Thin-Film Growth and Characterization

Thin films form the foundation of modern electronic, optoelectronic, and energy devices. From photovoltaic absorbers and transparent electrodes to functional oxides and semiconductor heterostructures, the properties of thin films strongly depend on how they are grown and how their structure and interfaces are engineered. Our research in thin-film growth and characterization focuses on understanding and controlling material formation at the nanoscale in order to enable high-performance devices.

By combining advanced deposition techniques with comprehensive structural, optical, and electrical characterization, we aim to establish clear relationships between growth conditions, microstructure, and functional properties.

Thin-Film Growth Techniques

The physical and chemical processes that occur during thin-film deposition determine the crystallinity, morphology, defect density, and interface quality of the resulting material. Our group employs a range of deposition methods tailored to specific materials and device requirements.

These may include physical vapor deposition techniques, chemical vapor deposition, solution-based processing, and hybrid approaches. Each method offers unique advantages in terms of thickness control, uniformity, scalability, and compatibility with different substrates.

We systematically investigate how parameters such as temperature, pressure, precursor chemistry, and deposition rate influence film formation.
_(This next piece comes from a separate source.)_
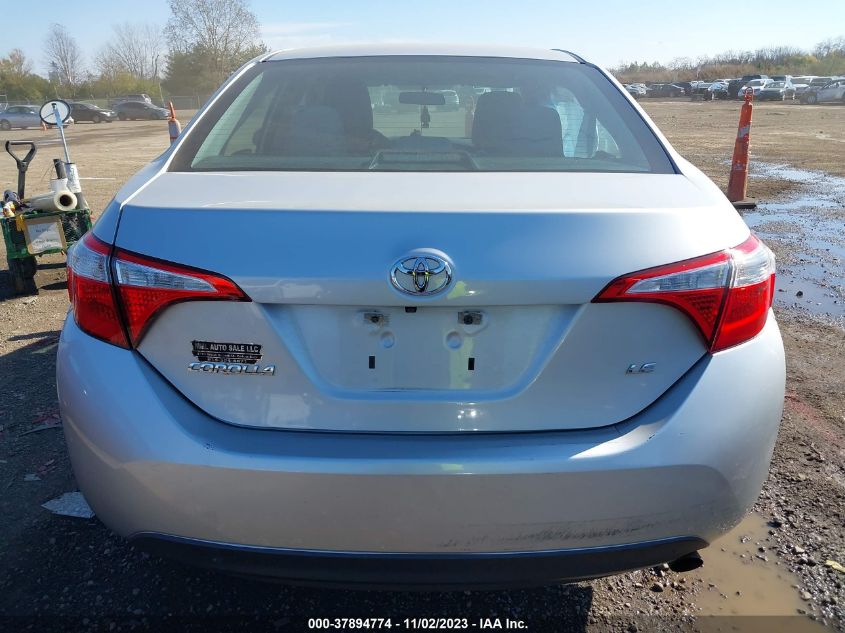2016 TOYOTA COROLLA L/LE/S/S PLUS/LE PLUS - 5YFBURHE3GP522963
Precise control over these variables allows us to tailor grain size, phase purity, stoichiometry, and interface sharpness.

Microstructure and Morphology Control

The microstructure of a thin film—including its crystal orientation, grain boundaries, and defect distribution—plays a critical role in determining electrical and optical performance. For example, grain boundaries can act as recombination centers in photovoltaic materials, while surface roughness can influence light scattering and device integration.

Our research focuses on optimizing film morphology through controlled nucleation and growth processes. By adjusting deposition conditions and post-deposition treatments, we aim to achieve films with improved uniformity, reduced defect density, and enhanced functional properties.

We also explore heterostructures and multilayer stacks, where precise control of interfaces is essential for efficient charge transport and minimal recombination losses.

Structural Characterization

Understanding the structural properties of thin films requires advanced characterization techniques. We employ a wide range of methods to analyze crystallinity, phase composition, strain, and layer thickness.

Structural characterization enables us to identify the presence of secondary phases, quantify crystal quality, and evaluate the impact of processing conditions. By correlating structural data with device performance, we gain insights into how material properties influence efficiency and stability.

Particular attention is given to interface analysis, as many performance-limiting processes occur at boundaries between layers. High-quality interfaces are essential for efficient carrier transport and long-term reliability.

Optical and Electrical Characterization

Beyond structure, the functional performance of thin films depends on their optical absorption, band structure, carrier concentration, and mobility. We perform comprehensive optical and electrical measurements to evaluate these properties.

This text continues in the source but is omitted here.